Prove that there are infinitely many natural number such that $σ(n)>100n$

Question

The problem is as follows: Prove that there are infinitely many natural numbers such that $σ(n)>100n$. $σ(n)$ is the sum of all natural divisors of $n$ (e.g. $σ(6)=1+2+3+6=12$).

I have come to the conclusion that if I can prove that there exists at least one such number, then there exist infinitely many of them. Here is how I showed that: Induction - if $σ(n)>100n$, then $σ(pn)>100pn$, where p is a prime number that doesn't divide $n$. Using the multiplicability of the function $σ(x)$ we get: $$σ(pn)=σ(p)σ(n)=(p+1)σ(n)>(p+1)100n>100pn$$ Since there are infinitely many primes the proof of this "lemma" is done. Back to finding one of those n. So the statement, if we use the factorisation of $n$, is as follows: $$(1 + 1/p_1 + 1/(p_1^2) + \dots + 1/(p_1^{a_1})) \dots (1 + 1/p_k + 1/(p_k^2) + \dots + 1/(p_k^{a_k})) > 100$$ So I just need to prove that there exists such primes $p_1, p_2, ..., p_k$, as well as the exponents $a_1, a_2, ..., a_k$.

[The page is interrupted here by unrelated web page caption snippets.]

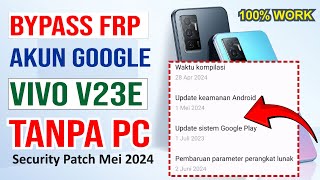 Vivo V23e Bypass FRP Akun Google Security Mei 2024  Tanpa PC [upl. by Caia]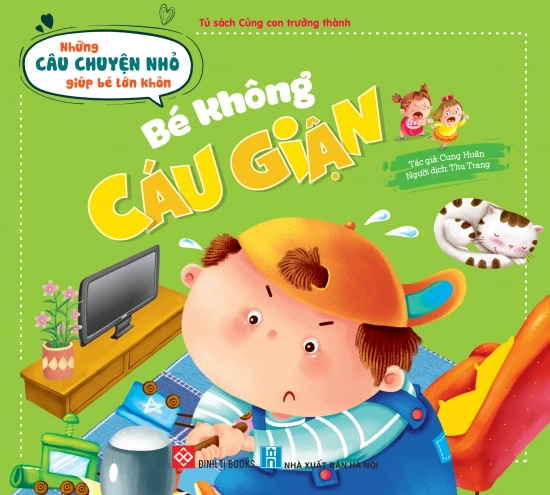 Những Câu Chuyện Nhỏ Giúp Bé Lớn Khôn - Bé Không Cáu Giận (Dành Cho Trẻ Từ 3-6 Tuổi)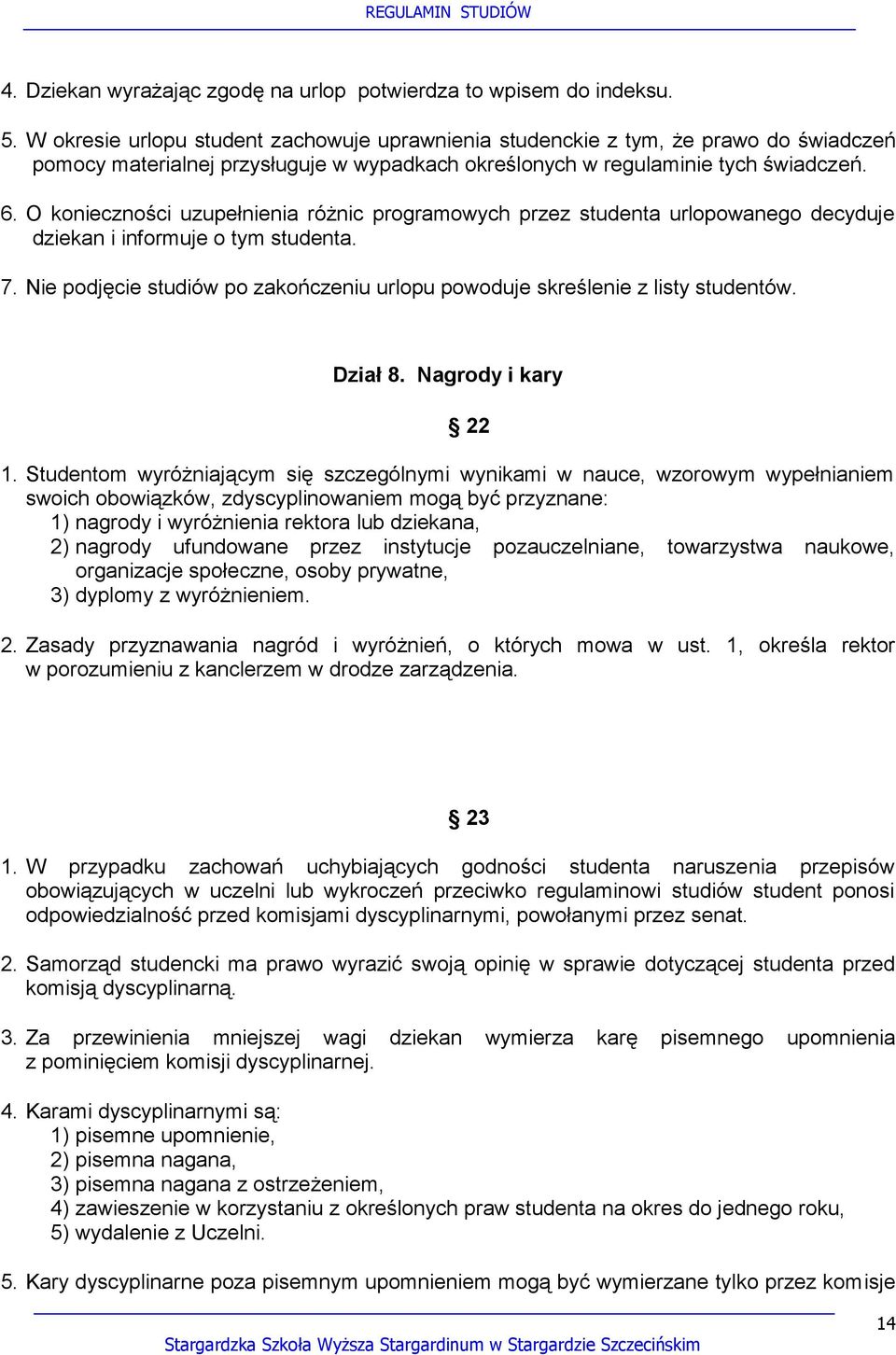 O konieczności uzupełnienia różnic programowych przez studenta urlopowanego decyduje dziekan i informuje o tym studenta. 7.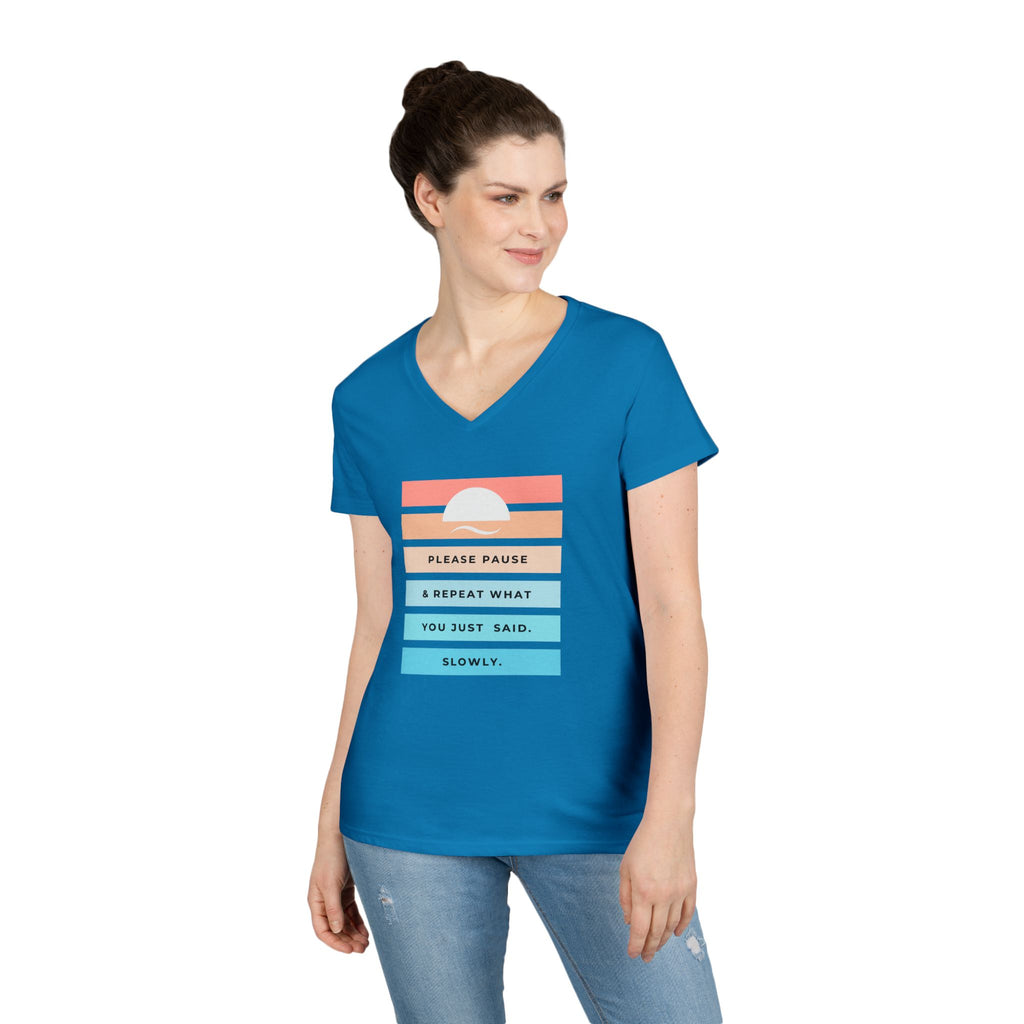 Ladies' V-Neck Soft  Fitted Tee - "Repeat yourself"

I have found somewhere that (1 + 1/p_1 + 1/(p_1^2) + ... + 1/(p_1^a_1)) ... (1 + 1/p_k + 1/(p_k^2) + ... + 1/(p_k^a_k)) > 1 + 1/2 + 1/3 + ... 1/m > (anything), but I don't understand why so I am looking for some help.

Answer 1

What you are doing right now:

1. Prove that if there exists $n\in\mathbb{Z}^+$ such that $\sigma(n)\geq100n$, then there are infinitely many such $n$.
2. Find such a $n$.

Your step 1 is completely correct, and if your step 2 would work as well. However, step 2 is in fact, quite difficult. Instead, we might just want to show that

2. There exists such a $n$.

without finding the exact value of $n$. The proof proceeds as follows:

Let $n = \prod_{p_i} p_i ^{a _i}$, where $\{p_i\}$ are distinct primes. It should be clear that $$\sigma(n) = \prod_{p_i} \frac { p_i^{a_i+1} - 1 } { p_i - 1}$$ You can comment under this post if you do not understand this step.

Hence, we want to find $n$ such that $$\frac{\sigma(n)}{n}=\prod_{p_i}\frac { p_i ^{a_i + 1} -1 } { (p_i -1 )p_i ^{a_i} }> 100$$

However, we know that $$a_i \to\infty \implies \frac { p_i ^{a_i + 1} -1 } { (p_i -1 )p_i ^{a_i}} \to\frac { p_i}{(p_i - 1)}$$

But we also have (from here) $$ \prod_{p_i} \frac {p_i}{p_i-1} \to\infty$$

Hence, this guarantees that such a $n$ exists, which completes our proof.